Strength reduction with memrefs

Hi,

Given a model that allocate memory, instantiate constants, compute the model, free the allocated memory and return the results, we are interested in doing strength reduction to move the alloc, instantiation of constants and freeing of the memory out of the critical path. In essence:

constData = prepare_model()
while (newData = getData) eval_model(newData, constData);
finalize_model(constData)

where we prepare and finalize once for many evaluations.

There are different ways to implement this: creating pointers to memrefs, or creating structs of memrefs, or creating a new alloc primitives that carves data out of an existing chunk of memory at a given offset.

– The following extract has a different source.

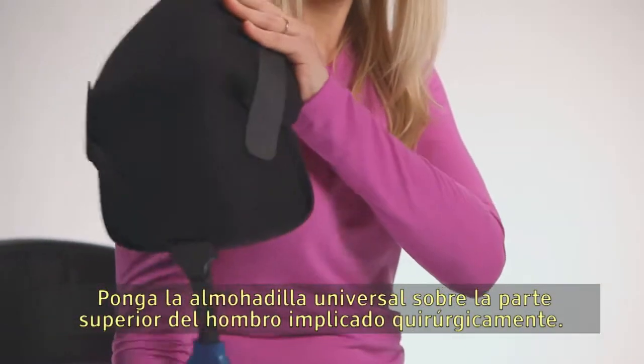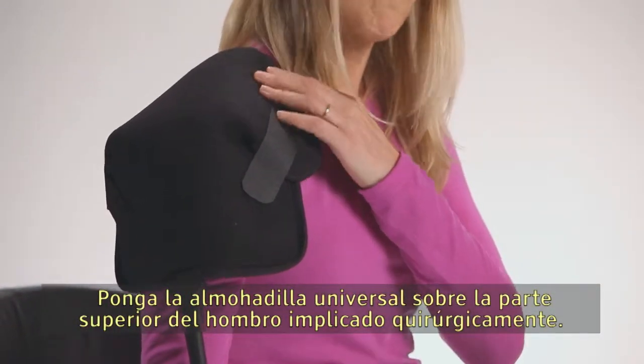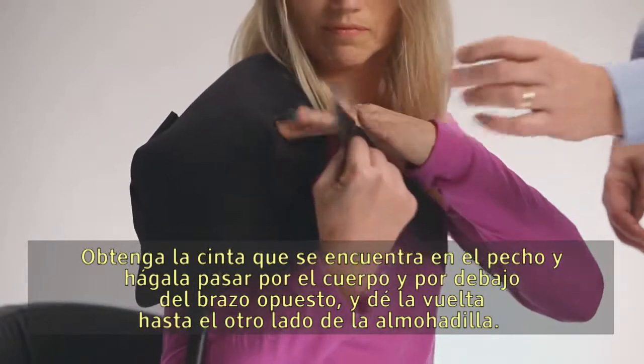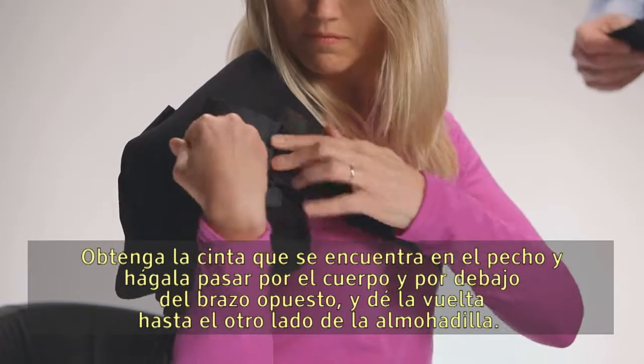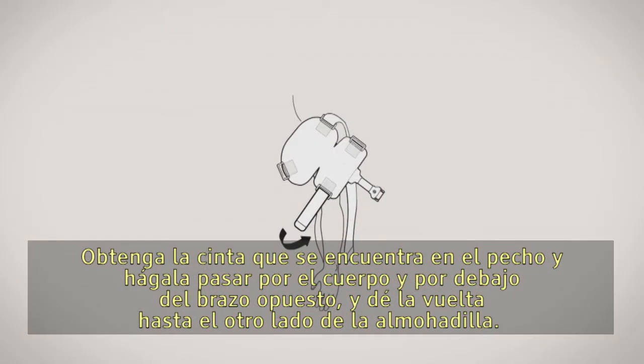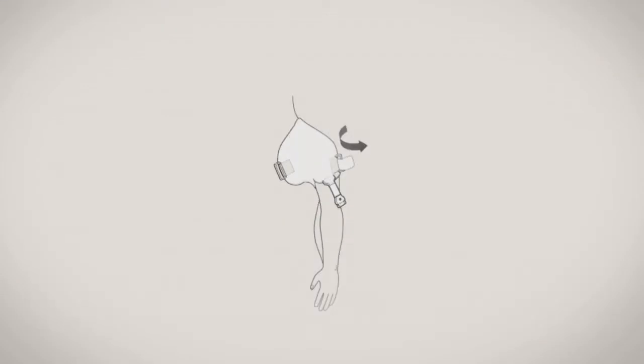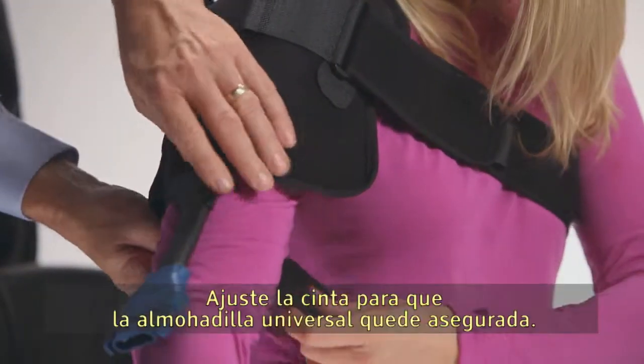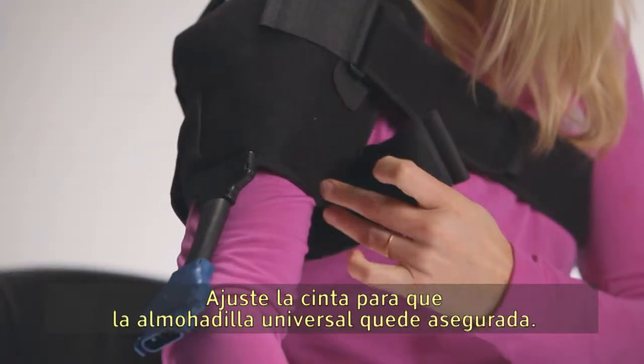Lay the universal pad over the top of the involved surgical shoulder. Take the strap located at the chest and run the strap across the body and under the opposite arm, then back around to the other side of the pad. Secure the strap around the arm and tighten the strap so the universal pad is secure.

There does not seem to be support for this at the present time in MLIR, and I would venture that this is a common optimization that might be of interest to many. Doing all the strength reduction at the lower dialects

If there is already support for this, please let me know what is the current ways. If there is not, maybe we can start a discussion on the alternative methods.

Thanks

Thanks for bringing this up. I would very much support growing this functionality.

MLIR is currently great for describing tensor programs within function bodies, where everything is a separate local SSA value or argument. But I think it one of the main conceptual bridges that we haven’t crossed yet in MLIR is a more sophisticated notion of a tensor-level program that includes a notion of “global variables” that can store state like this; or a notion of recursively composed types containing tensors that can be exposed to a runtime. (and similarly for memref-level programs, which those tensor-level programs get lowered into)

I’ll be talking about a similar set of issues in the ODM this week. I’m really excited about this topic of supporting a richer set of programs with tensors/memrefs!

We have a little bit of experience with this in on the TensorFlow side with the design of the tf_saved_model dialect, which supports

  1. persistent mutable global variables
  2. structured inputs/outputs on function signatures, which are represented by annotating each individual tensor argument with its logical position within the struct (such as being the tensor that one would read by doing “the_structure.foo.bar”)

This is by no means a complete and general thing, but is enough to do the transformation that you would like to do.

On the IREE side we support compiling such programs. We lower the global tensors to our own lower-level “global” ops that represent them. The structured signature is handled by encoding it into a “reflection metadata” that runtimes can use to map structures onto positional arguments.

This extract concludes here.